More info: Revolver is used in a drawing regarding CLP digital Outlets. 

I've uploaded a picture of the drawing here:

http://www.delcantosolutions.mtz.cl/misc/revolver.jpg

I think it may be a 6-way node socket as you had said?


----------



## k-in-sc

I really have no idea! I was just throwing that out there.
The only thing I can think of is to search for descriptions of this or a similar system in English and extrapolate. What is the material being fed?
Are you sure about "válvulas dosificadoras" as "distributor valves" and not metering valves, measuring valves, proportioning valves, etc.?

P.S. I asked vicdark to take a look when he can. He knows a lot about this stuff.


----------



## Tangolover

I have not translated any of that.  The drawing you see is what has been given me.  Valv. Dist. is one term I have not touched at all.  I'm guessing it means "Válvulas Distribuidoras".  In English, Distributor Valves.   Válvulas Dosificadoras: Doser or Dosage Valves (typically what they use in Chile when translating)... But that's the least of my worries.  My main concern is Revólver...

From what I've been reading about what a node socket is, that translation might fit.

I really have no other information... just the drawing image I posted. 

Worst part is "Revólveres" seems to be a term used mainly in Chile.  Not standard use at all.


----------



## Tangolover

Oh I almost forgot (where are my manners?) thanks so  much anyway!  I believe you have got the term right...


----------



## k-in-sc

Oops, sorry, got the valve names mixed up 
OK, well, good luck! Sorry I can't tell you for sure!
If you have time, you might e-mail somebody at the company who has dealt with the English equivalents of this stuff.  
If you decide to translate it as something else, please post back, for posterity.


----------



## Tangolover

Ok!!!  Will post back when I know something... =)


----------



## mora

It simply means 'return'. It is probably the electrical feed for return  valves or controls for whatever is 'returning'. The opposite in this context is the  distribution.
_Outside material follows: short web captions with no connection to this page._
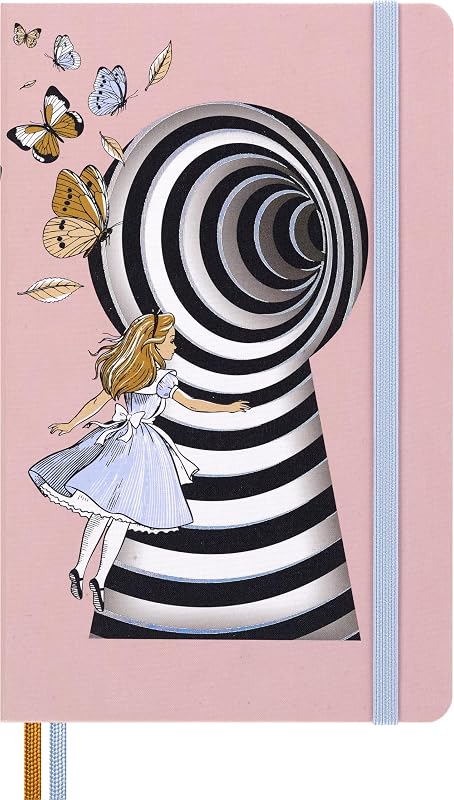 Moleskine Limited Edition Alice’s Adventures in Wonderland Notebook, Hard Cover, Large (5" x 8.25"), Ruled/Lined Pages, Alice Design, 176 Pages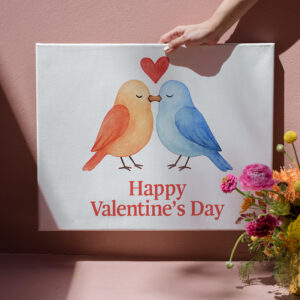 raxxa Canva: Watercolor Lovebirds with Heart Valentine’s Day Illustration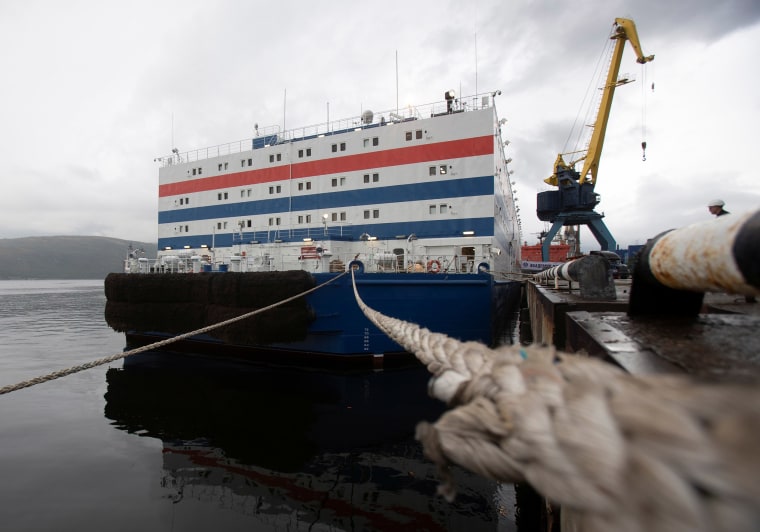 Image: Russian floating atomic power plant Mikhail Lomonosov is pictured at state company Rosatomflot base in Murmansk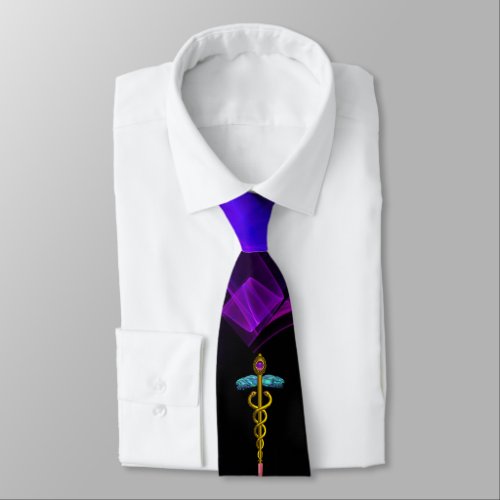 GOLD CADUCEUS MEDICAL SYMBOL  Black Purple Swirls Tie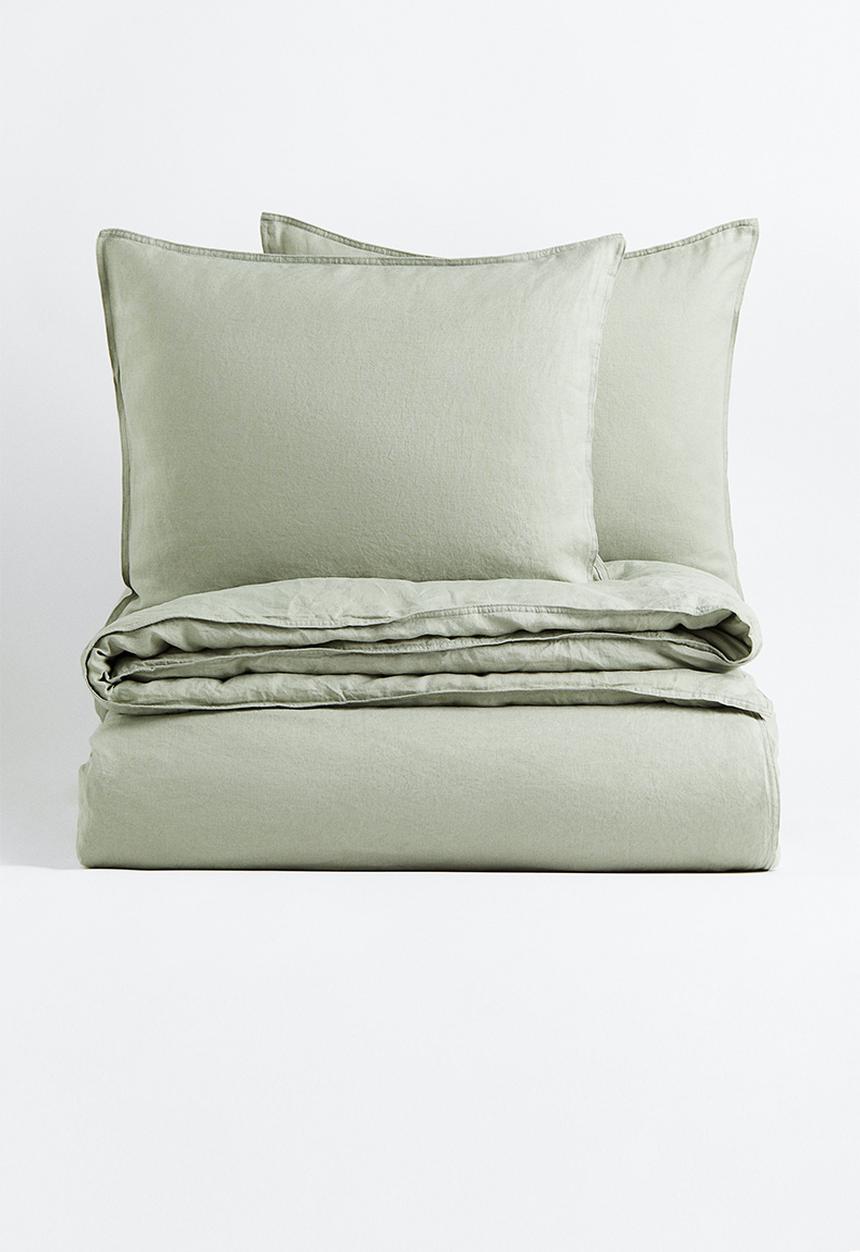 H&M - Linen duvet cover set - sage green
Something is distributed, does whatever it does , then it  is returned. If you check the DRAE, you will see that this is one of the many meanings of 'revólver'. 
_Revólveres_ = returns or return lines
_Revólveres de 6 Vías._ = 6 returns or 6 return lines


----------



## k-in-sc

That makes sense. Thanks mora!
(At least when you spend a lot of time trying to figure out something that turns out to be obvious, you tend not to forget it as easily ... XD)


----------



## Tangolover

Thank you Mora!

You were such a big help.

Also, today the owner of these drawings emailed me and said that the translation he has always used for "Revólveres" is : Selector Valve.

I quote his email: 



> "_Revólveres_ are selector valves that allow steering one input to multiple outputs.  They are normally called selector valves."



So we now have two translations for this term, which is great, I will add them both to my glossary.

Thank you guys so much for the time and patience.


----------



## k-in-sc

Thanks for following up! Good luck on the translation!


----------